▶ **Source data**:
★ ★ ★ ★ ★
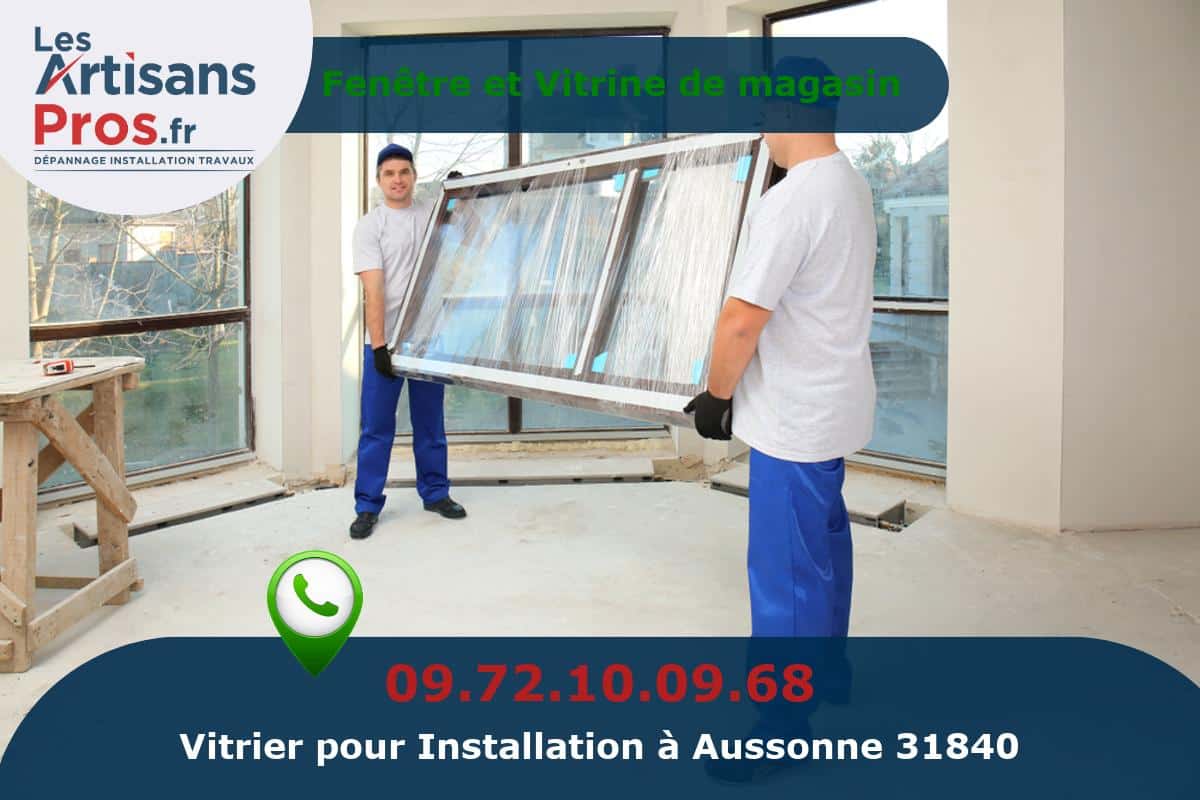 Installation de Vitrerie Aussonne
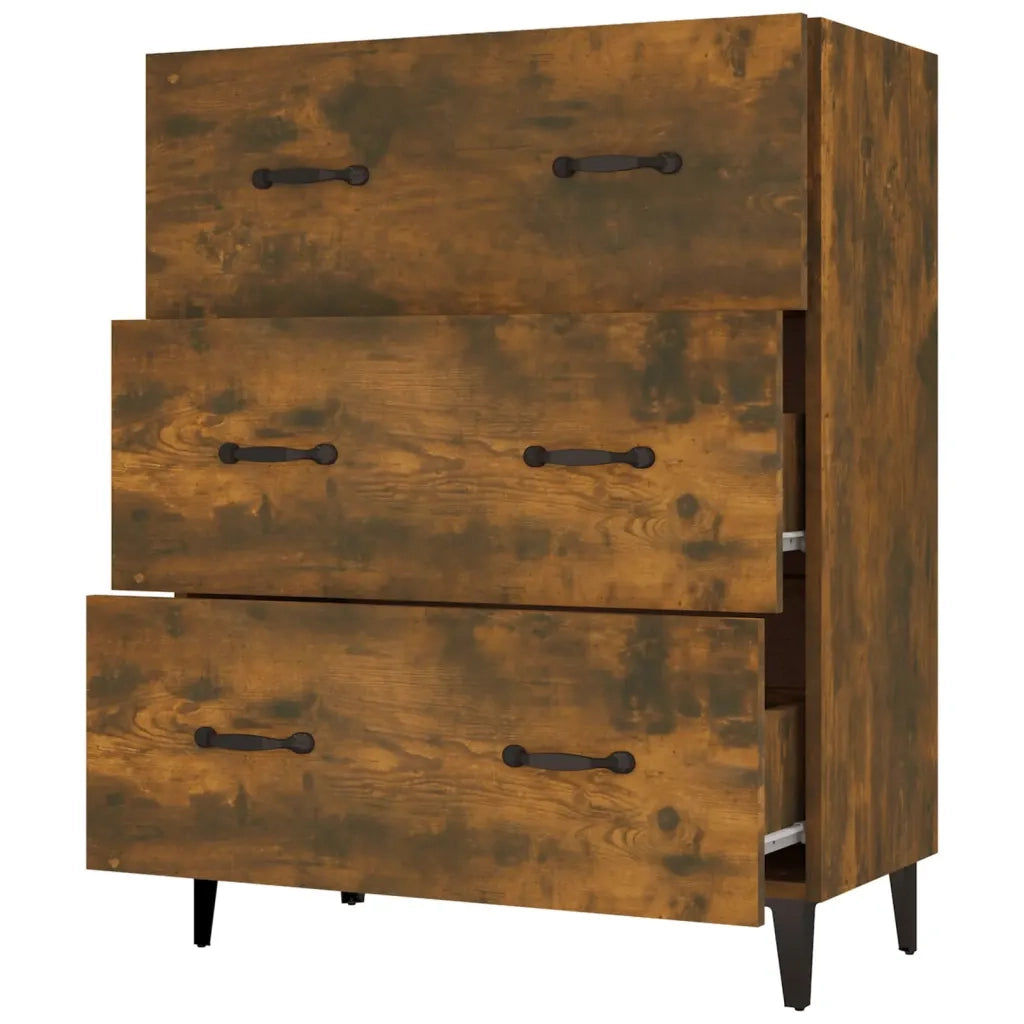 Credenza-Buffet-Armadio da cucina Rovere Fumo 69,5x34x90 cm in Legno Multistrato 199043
★ ★ ★ ★ ★
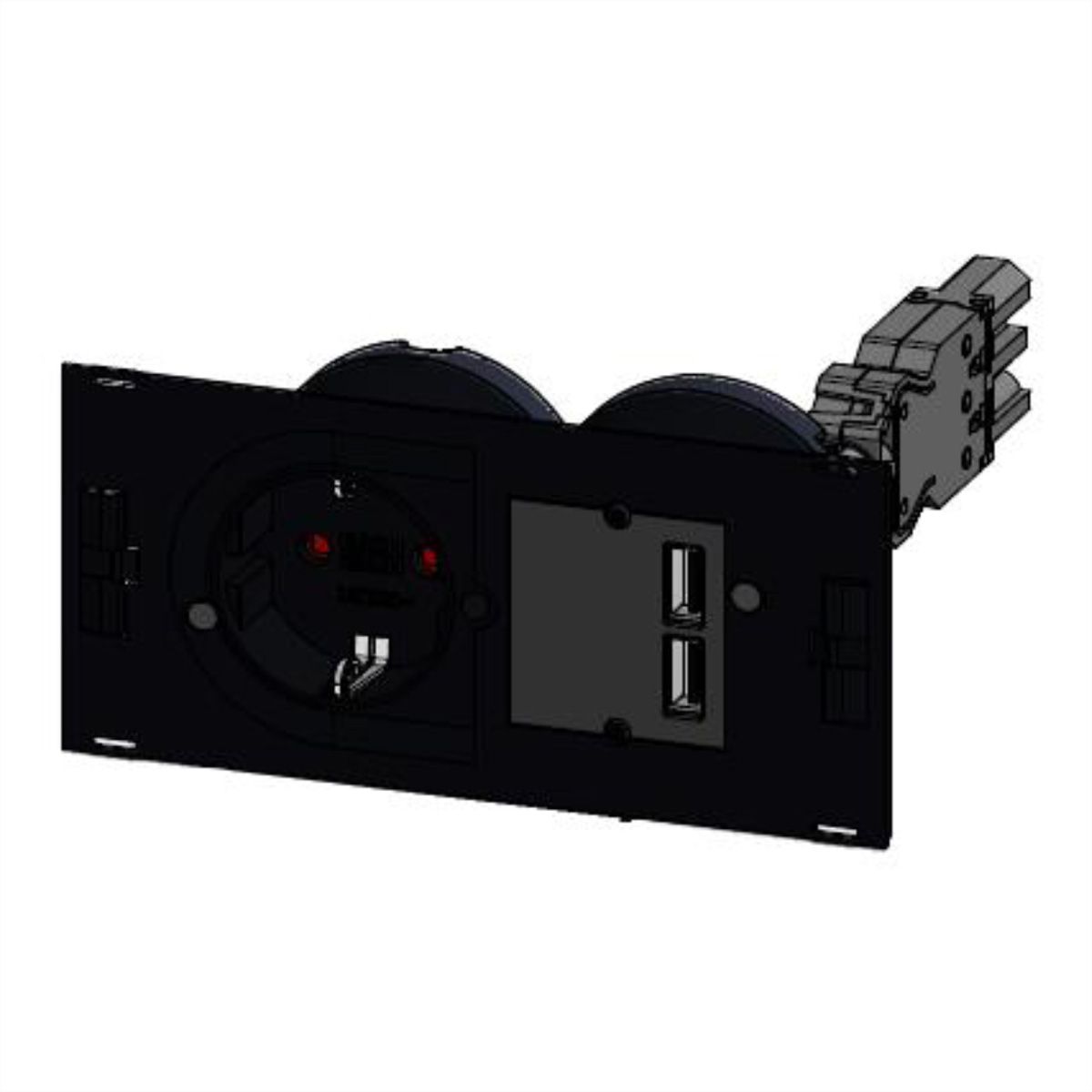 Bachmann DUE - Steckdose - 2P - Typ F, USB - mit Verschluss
★ ★ ★ ★ ★
▶ **Work to complete**: In the records above, find the line with "Installation de Vitrerie Aussonne" and the line with "Credenza-Buffet-Armadio da cucina". Write out exactly those lines and every one between, with no pictures and no other lines.

▶ **Exercise response**:
 Installation de Vitrerie Aussonne
 Credenza-Buffet-Armadio da cucina Rovere Fumo 69,5x34x90 cm in Legno Multistrato 199043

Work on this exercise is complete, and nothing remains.